We first introduced you to support and resistance lines in our Stock Market Made Simple blog, which you can read here. Today, we are going to dive deeper by introducing you to technical analysis.
Technical analysis is the study of a stock’s historical price points, which is displayed using graphical charts such as a candlestick chart. A technical trader believes the buying and selling pressure of the past can be tracked and provide an indication of a stock’s future performance and behavior. Therefore, by identifying and locating multiple points of buying support and selling resistance on a candlestick chart, we can mark or predict future trading behavior. After all, people are predictable, and history does have a way of repeating itself.

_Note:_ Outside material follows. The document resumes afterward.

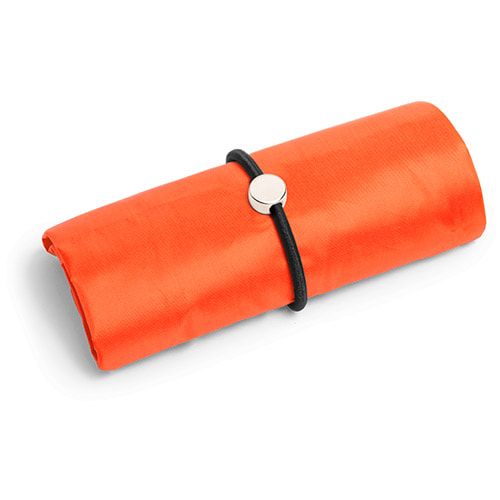 Сумка для покупок "Conel", оранжевый, 38х41 см, полиэстер 190Т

Technical trading is built upon the idea of tracking reoccurring price points and using that data to plot and execute trades. The two central positions which technical traders look to identify are points of support and resistance.

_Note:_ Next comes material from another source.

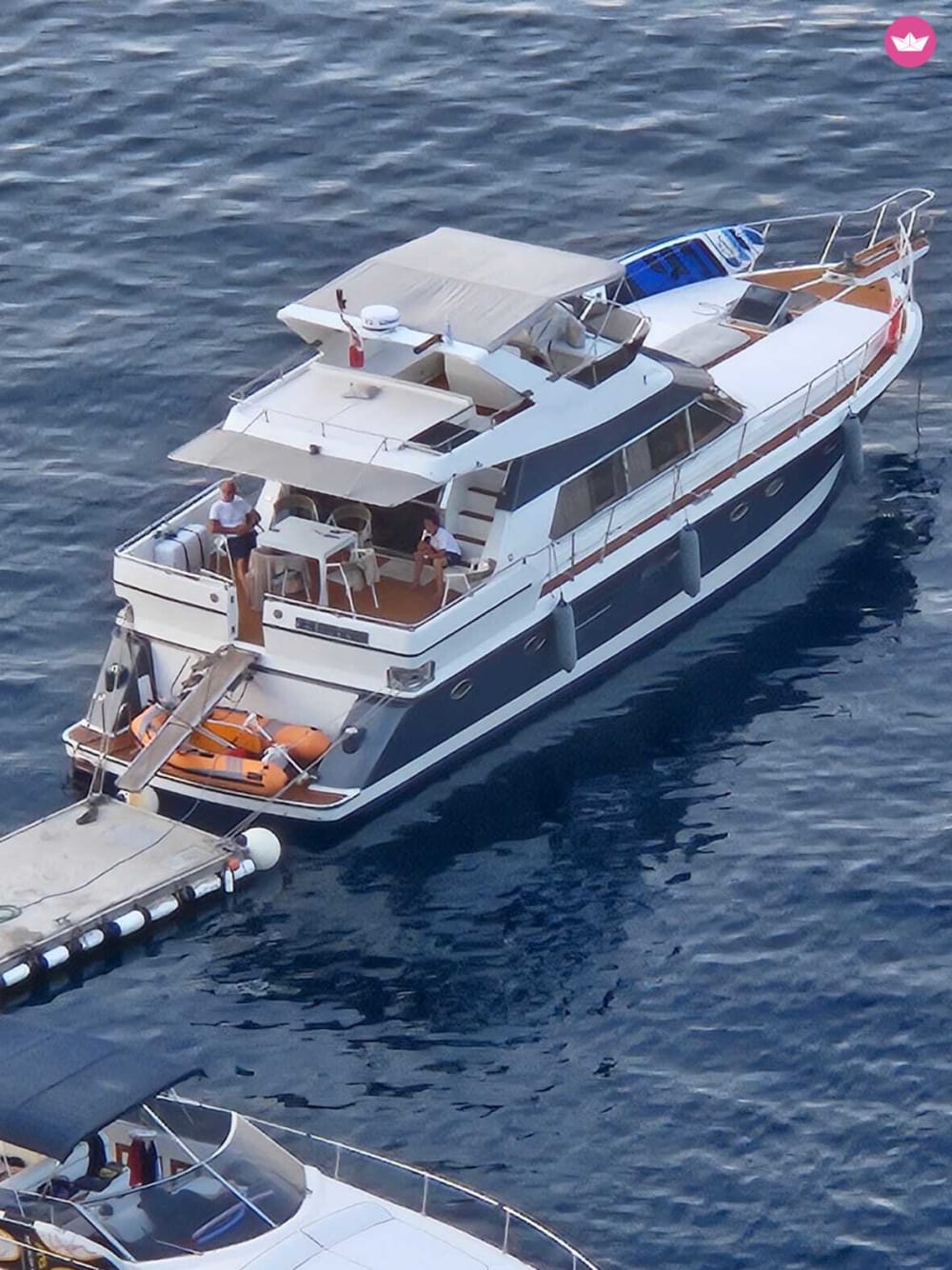 Escursione in barca di mezza giornata: alla scoperta di Cala Ponte, Polignano e Monopoli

Points of support show where a stock finds more buying pressure than selling pressure, and the buying pressure drive drives the price higher as there are more buyers of a stock than there are shares available. If we can connect the same points with a line, then it shows there is historical evidence for the stock staying above the price threshold.
In the example above, we have Amazon with three strong points of support. However, even with three solid connections, it is always good to remember these areas of identifiable buying pressure are only indicators of repeatable behavior that can be broken. Support was found around the thirty-three dollar price point during the months of October, March, and July. However, in the month of April, the stock did break below the thirty-three dollar mark. It quickly rebounded in a few days, but it did drop below the identified support. Again, support lines are strong statistical markers; however, they are not written in stone, and variances should be considered before trading off of them.

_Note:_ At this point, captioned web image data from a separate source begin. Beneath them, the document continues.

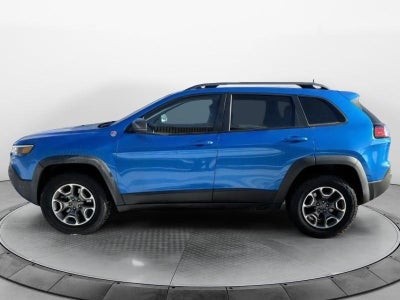 2020 Jeep Cherokee Trailhawk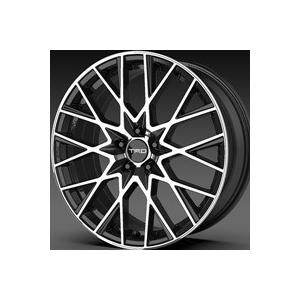 TRD TF9 7.5J-18 と トーヨー プロクセス スポーツ2 215/40R18の4本セット
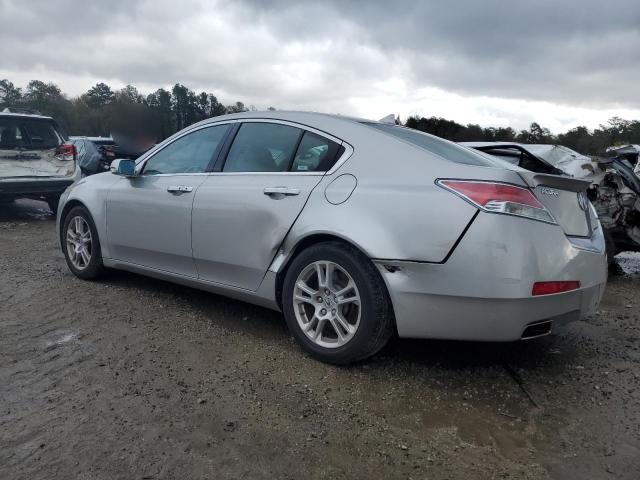 19UUA86509A016367 - 2009 ACURA TL SILVER photo 2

Points of resistance show where a stock finds more selling pressure than buying pressure, and the selling pressure drives the price lower as there are more shares available of the stock than there are buyers. As with support, if we can connect the same points with a line, then it shows there is historical evidence for the stock staying below the resistance price threshold.
In the example above, we have Disney with three points of resistance. However, even with three good connections, it is always ideal to remember these areas of identifiable selling pressure are only indicators of repeatable behavior which can be broken through. Resistance was found slightly above the hundred eighteen-dollar price point during the months of August, October, and November. However, in the month of October, the stock did break above the hundred eighteen-dollar mark. It quickly dropped in two days, but it did break above the identified resistance point. As with support, resistance lines are statistical markers; however, they are not written in stone, and variances should be considered before trading off of them.
In closing, when you identify and mark a stock’s support and resistance lines, you can see historical areas of buying and selling pressure. These areas of pressure are strong traditional indicators that you can use to help set up and exit your trades. Nevertheless, as shown in the examples above, variations can and will occur, so make sure you are protecting your positions with stops.